Inverse Mel Scale — transform_inverse_mel

Solve for a normal STFT from a mel frequency STFT, using a conversion matrix. This uses triangular filter banks.

transform_inverse_mel_scale(
  n_stft,
  n_mels = 128,
  sample_rate = 16000,
  f_min = 0,
  f_max = NULL,
  max_iter = 1e+05,
  tolerance_loss = 1e-05,
  tolerance_change = 1e-08,
  ...
)

Arguments

n_stft: (int): Number of bins in STFT. See n_fft in transform_spectrogram.
n_mels: (int, optional): Number of mel filterbanks. (Default: 128)
sample_rate: (int, optional): Sample rate of audio signal. (Default: 16000)
f_min: (float, optional): Minimum frequency. (Default: 0.)
f_max: (float or NULL, optional): Maximum frequency. (Default: sample_rate %/% 2)
max_iter: (int, optional): Maximum number of optimization iterations. (Default: 100000)
tolerance_loss: (float, optional): Value of loss to stop optimization at. (Default: 1e-5)
tolerance_change: (float, optional): Difference in losses to stop optimization at. (Default: 1e-8)
...: (optional): Arguments passed to the SGD optimizer.

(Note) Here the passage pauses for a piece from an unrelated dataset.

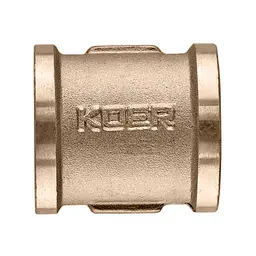 Муфта Koer Kf.C10.Wn - 1" без нікелю MX1493 - мініатюра 3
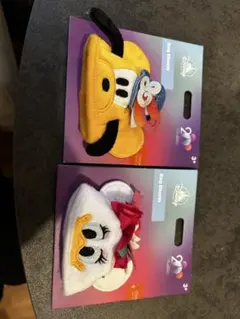 香港ディズニー20周年　限定ノベルティ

Argument lr will default to 0.1 if not specied.(Default: NULL)

Value

Tensor: Linear scale spectrogram of size (..., freq, time)

Details

forward param: melspec (Tensor): A Mel frequency spectrogram of dimension (..., n_mels, time)

It minimizes the euclidian norm between the input mel-spectrogram and the product between the estimated spectrogram and the filter banks using SGD.